Here’s something to try, if you haven’t: something she is allowed to bite, as a clear alternative. A stern “No biting people – it hurts”. I think letting her know it hurts is important. This is something she will understand, from getting bumps herself. Followed by: “You can bite this, though.” One of those teething rings you put in the fridge, or something like the Sophie the Giraffe toy, designed for purpose. And put it to her mouth, or demonstrate. Even if her teeth aren’t the issue (which is a real possibility), it draws a very obvious line between what is allowed and what is not. She might just throw it on the floor. But if it happens every time, she’ll get the link. If her teeth are bothering her, she might enjoy the permitted gnawing.

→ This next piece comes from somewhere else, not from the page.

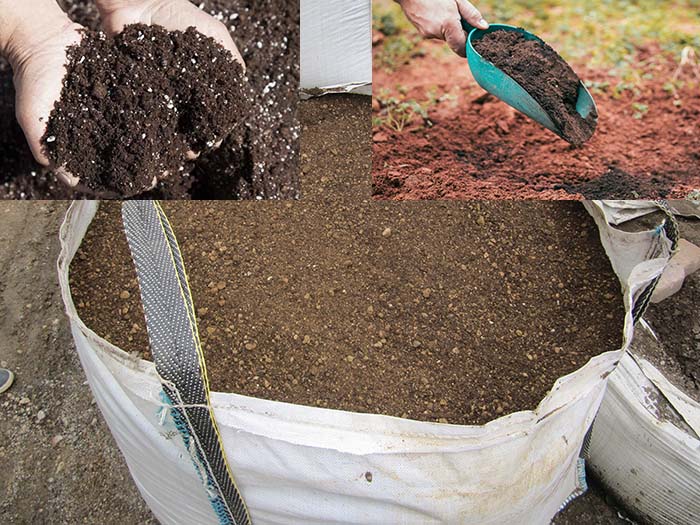 Compost for avocado cultivation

Don’t worry. Think of it like this: the world for this little girl is a completely new and strangely brilliant place. Imagine not having teeth and then suddenly having them. And she’s very sweet, otherwise, you say. Imagine being so overwhelmed with love for people (her parents) that when you’re up close you just want to eat them. But you don’t know it hurts to bite. At your daughter’s age it’s a real transient time between babyhood and being a toddler, and emotions are a big jumble of feelings and the physical. Also – think of the self-control it takes as an adult at the dentist not to bite if there’s an actual finger in your mouth. There has to be something primal in there!

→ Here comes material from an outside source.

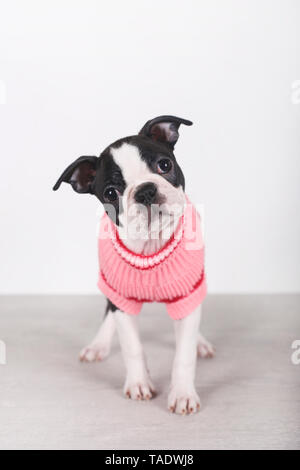 Ritratto di Boston Terrier cucciolo indossare pullover rosa Foto Stock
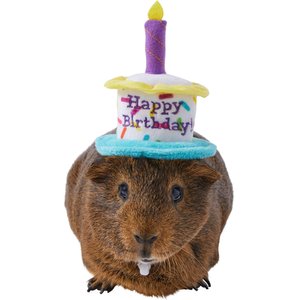 Frisco Happy Birthday Guinea Pig Hat, One Size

What if she’s doing it because it’s mischief? To get a funny reaction? The answer is the same – she’ll have to learn that there’s no traction, that every time she bites, the adult says no, it hurts, here’s something else. There are some things children just have to be told again and again. Suffice to say, Sisyphus should be patron saint of parenthood. And if the process is long, if she’s still doing it in a year, you’ll be able to find different ways of conveying the message as she grows in understanding. But for now, it’s just something you’re working on letting her know about.
Because she’s not at nursery yet, it means you can really work on this before she’s outside your supervision. Which you are already doing. Just on that note – if you can tackle your worry, if you can possibly allow yourself to think that you are doing a good job, doing the right thing in your own way, then you won’t be so panicked about the process that she’s going through.